> [Given data]
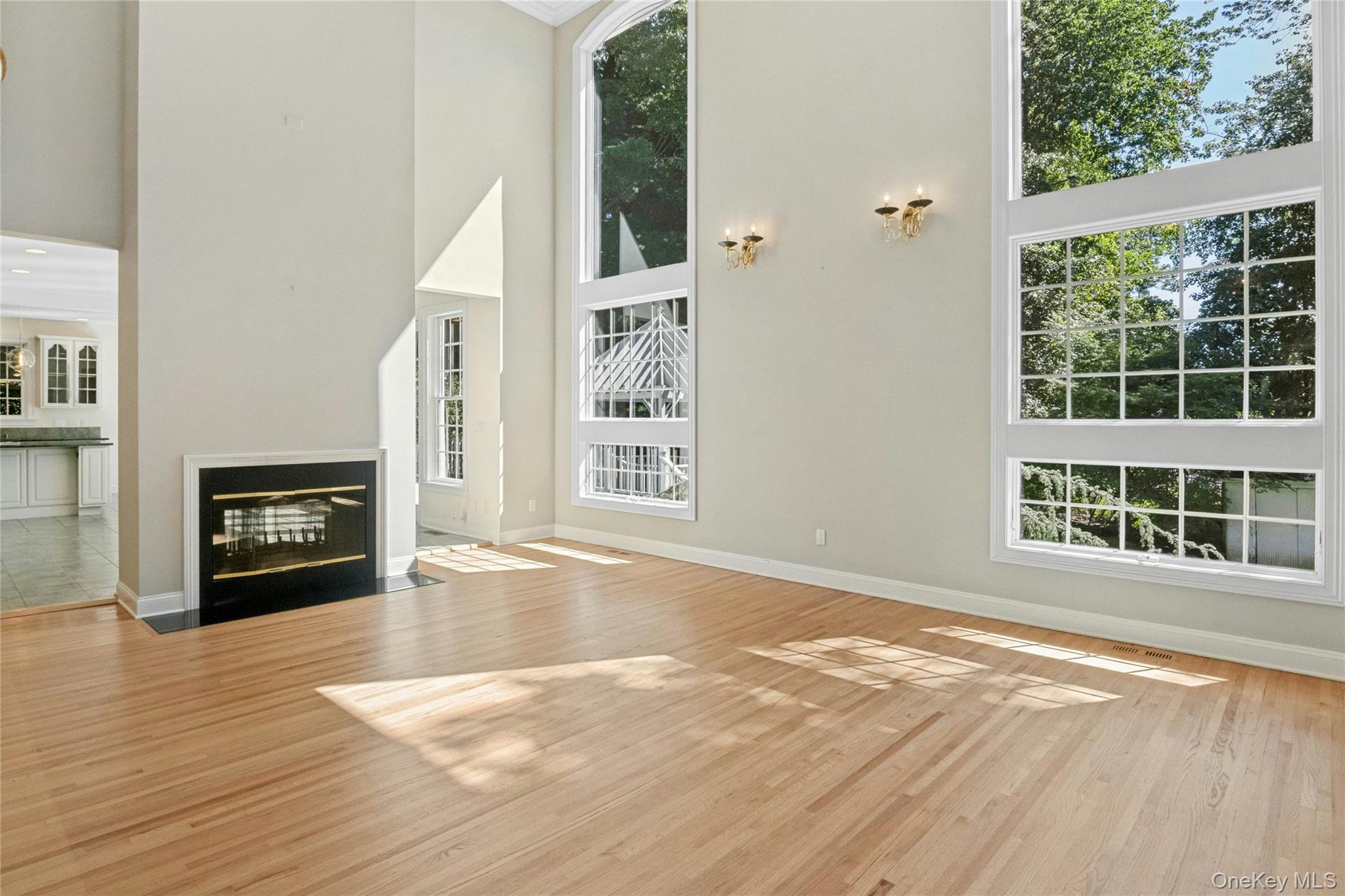 25 Riverview Road Irvington, NY 10533 - Photo 14 of 41 Living room with two story windows. An impressive room filled with natural light and views of the mature landscaping.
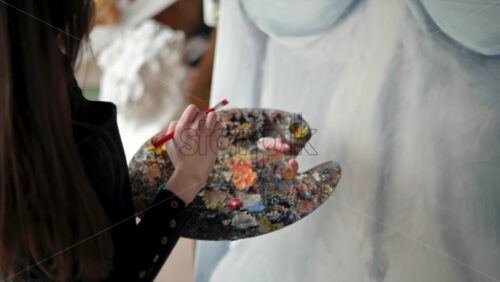 Video - Woman painting a female body on a canvas at an art gallery workshop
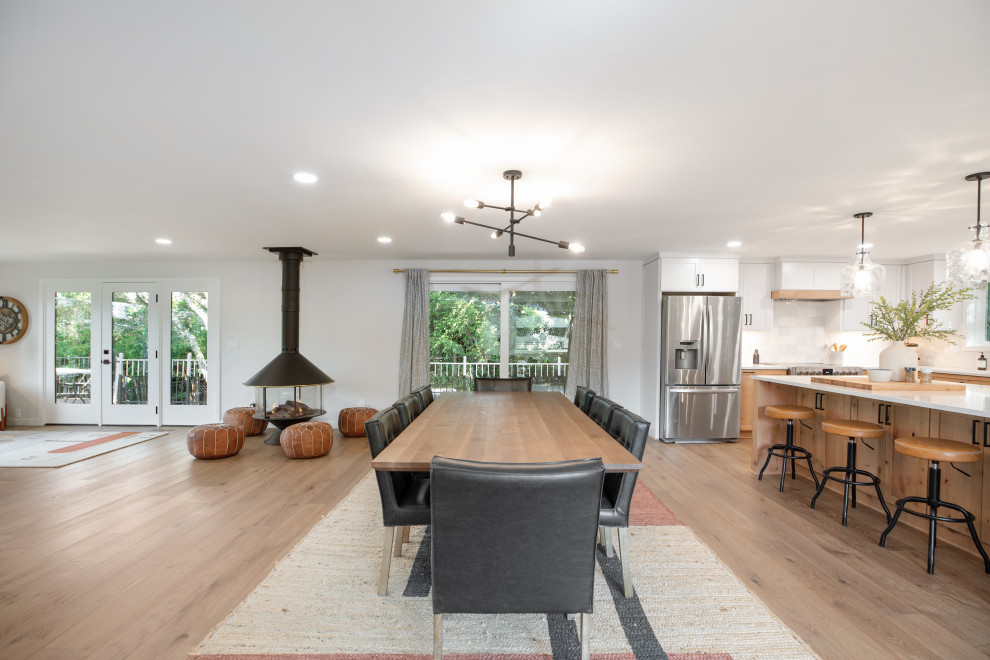 Example of a huge minimalist vinyl floor and beige floor kitchen/dining room combo design in Portland with white walls, a wood stove and a metal fireplace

> [Your task] Every line from the one containing "Video - Woman" through the end of the listing is to be copied exactly; the pictures are not.

> [Finished exercise]
 Video - Woman painting a female body on a canvas at an art gallery workshop
 Example of a huge minimalist vinyl floor and beige floor kitchen/dining room combo design in Portland with white walls, a wood stove and a metal fireplace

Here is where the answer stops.